In any case, remember Pygmalion: don't fall in love with your models: they're just models (and "all models are wrong; some models are useful").
Matui "suggested that the settlement pattern in the Tonami Plain is essentially one of nucleated villages." Perhaps this means that folks don't build one house: they build a cluster (e.g., I don't come and build by myself, but bring my sister and uncle with me, and they each build a house too). Now the question becomes, how do we test this hypothesis?

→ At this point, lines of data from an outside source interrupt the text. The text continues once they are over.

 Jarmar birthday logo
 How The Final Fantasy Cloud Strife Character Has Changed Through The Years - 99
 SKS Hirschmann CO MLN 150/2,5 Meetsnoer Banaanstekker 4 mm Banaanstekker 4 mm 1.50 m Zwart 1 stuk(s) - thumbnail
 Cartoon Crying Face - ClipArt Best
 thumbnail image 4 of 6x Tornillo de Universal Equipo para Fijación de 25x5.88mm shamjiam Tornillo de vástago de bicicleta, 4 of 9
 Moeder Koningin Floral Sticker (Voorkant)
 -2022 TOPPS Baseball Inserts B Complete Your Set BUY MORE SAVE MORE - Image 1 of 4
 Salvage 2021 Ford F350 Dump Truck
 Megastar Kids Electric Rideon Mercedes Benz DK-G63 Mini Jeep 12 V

The original paper containing the data was published in the 1930s, meaning that the data was presumably collected on the ground and registered on a map. If we received a paper copy of this data, we have seen how to digitize it, once scanned and turned into an image. We have done this sort of thing in lab.

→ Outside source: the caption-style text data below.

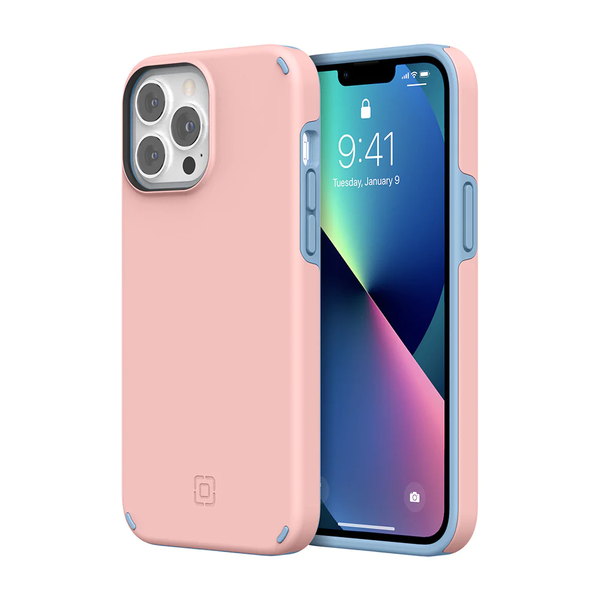 Incipio Duo Case For Apple iPhone 13 Pro Max- Rose Pink/Powder Blue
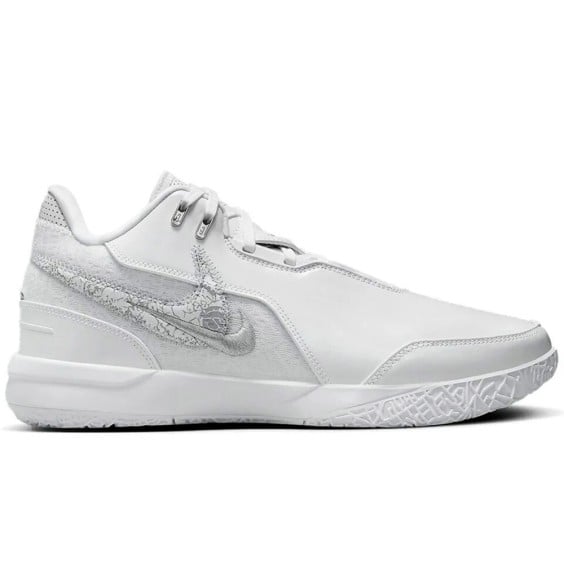 Acheter LeBron NXXT Gen AMPD White Silver Sneakers | 24Seconds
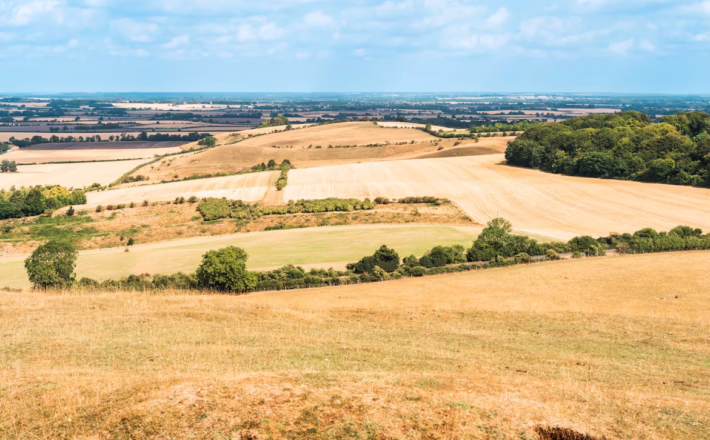 countryside under climate stress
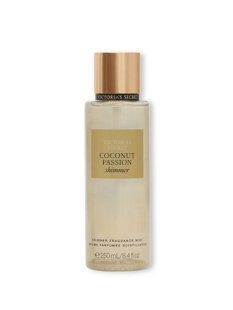 Парфюмированный спрей для тела с шиммером Victoria&rsquo;s Secret Coconut Passion Shimmer Body Mist 2251 фото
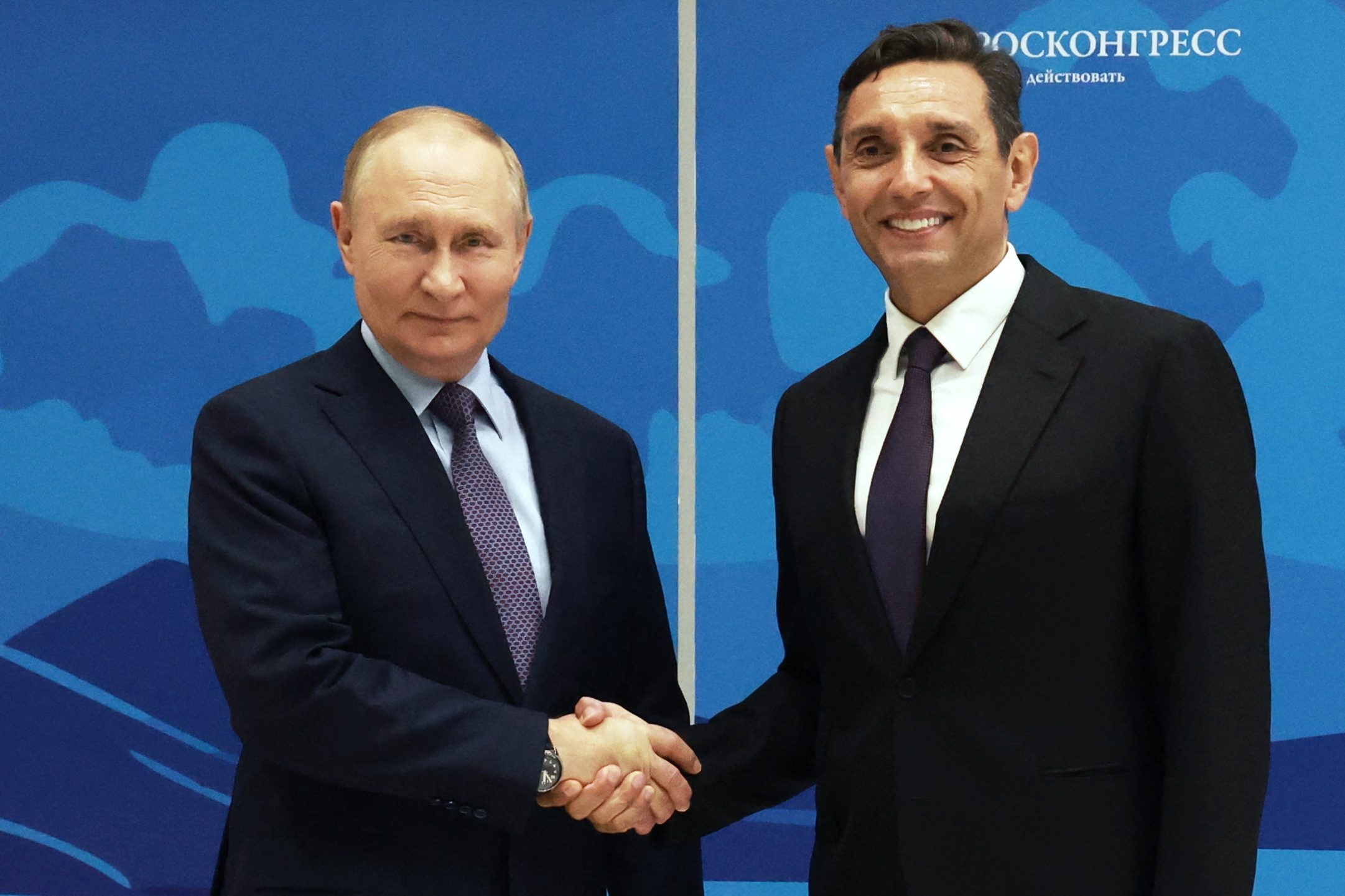 путін та Александр Вулін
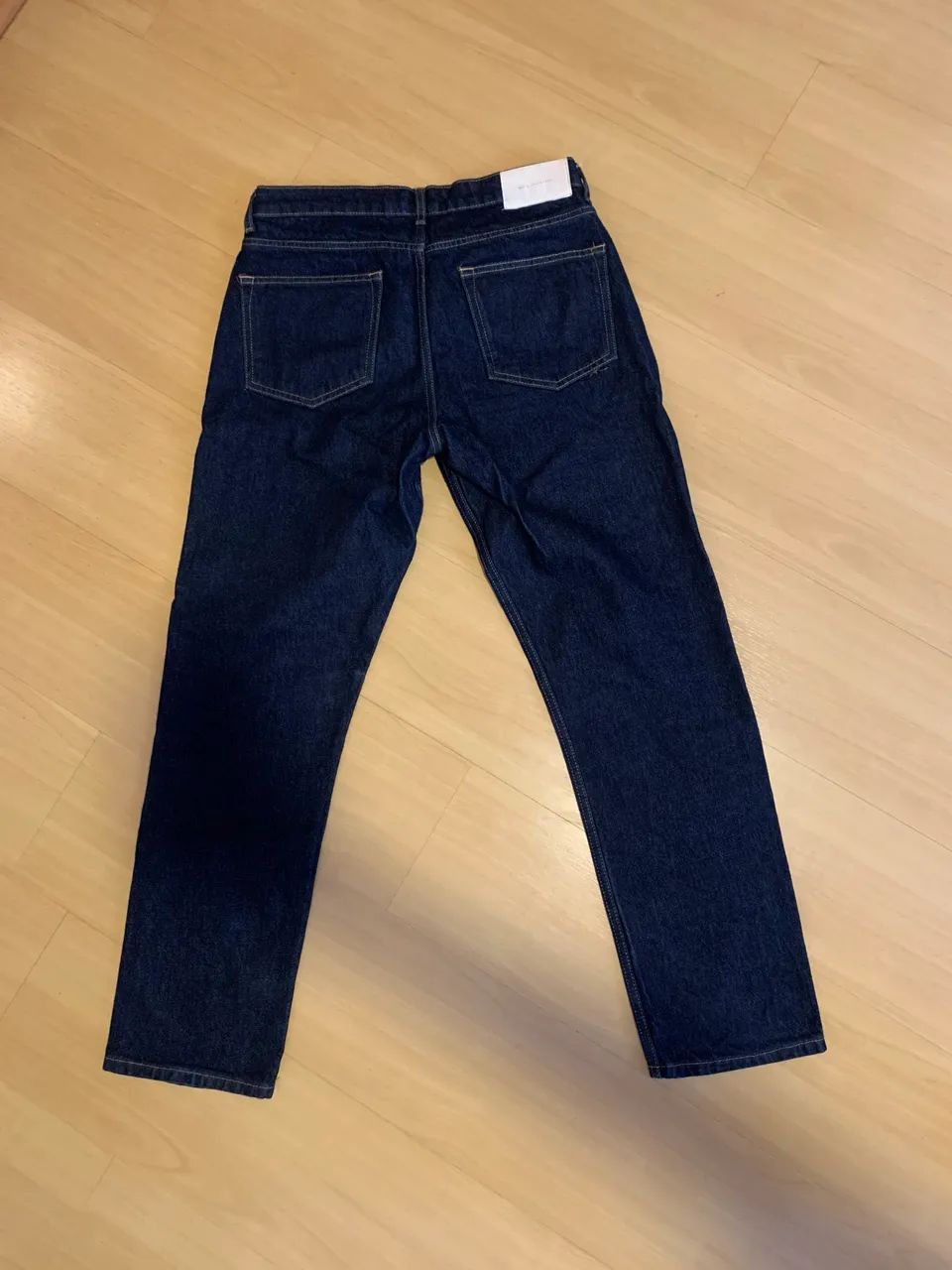 Calça Zara azul escuro  - Foto 4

Quadrats: The data was then processed in the following way: house counts are given on 100 meter by 100 meter quadrats. This gridded data is essentially a raster map, which we can analyze in a GIS. If we'd been given the precise locations of the houses on a map, then we could use that data set in a GIS and spatial integration to create the quadrat counts from the sites. Spatial integration is a process whereby we estimate quantities of something -- in this case, numbers of houses -- over an area. [I scanned in the quadrat counts, using OCR (Optical Character Recognition) software, and then verified the scan during an extremely tedious half hour.]

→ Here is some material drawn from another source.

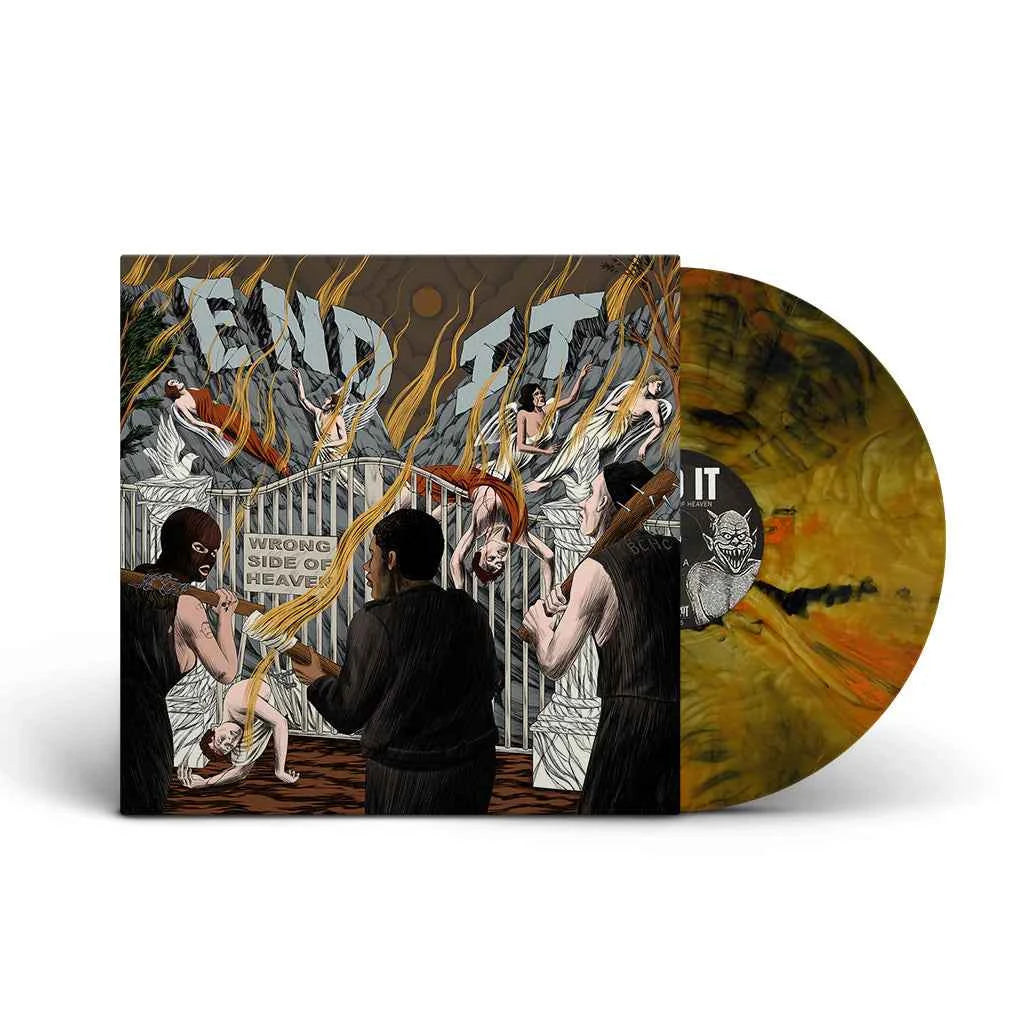 END IT - WROND SIDE OF HEAVEN - KOÏ POND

Discrete or continuous? A GRASS GIS contour plot is created from this, representing density of houses per 100 square meters in the area. While Matui's contour plot was painstakingly created from the gridded data, the GRASS contour plot was created quickly from within a GIS, based on the raster data [Compare the two]. The authors don't do anything with Matui's contour map, but it illustrates the possibility of switching from discrete modelling to the continuous modelling (studying density of houses per 100 meter square rather than quadrat counts). A nicer contour plot automatically computed by the data was provided by Cliff Long.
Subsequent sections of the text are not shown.